_Recorded data_
========================================================================

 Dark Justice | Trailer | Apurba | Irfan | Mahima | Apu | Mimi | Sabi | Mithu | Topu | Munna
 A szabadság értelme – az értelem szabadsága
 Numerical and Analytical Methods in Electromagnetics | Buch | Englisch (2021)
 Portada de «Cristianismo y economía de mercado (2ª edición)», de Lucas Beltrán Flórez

========================================================================

Using the material above, output each line exactly as it appears.

_Output for this task_
 Dark Justice | Trailer | Apurba | Irfan | Mahima | Apu | Mimi | Sabi | Mithu | Topu | Munna
 A szabadság értelme – az értelem szabadsága
 Numerical and Analytical Methods in Electromagnetics | Buch | Englisch (2021)
 Portada de «Cristianismo y economía de mercado (2ª edición)», de Lucas Beltrán Flórez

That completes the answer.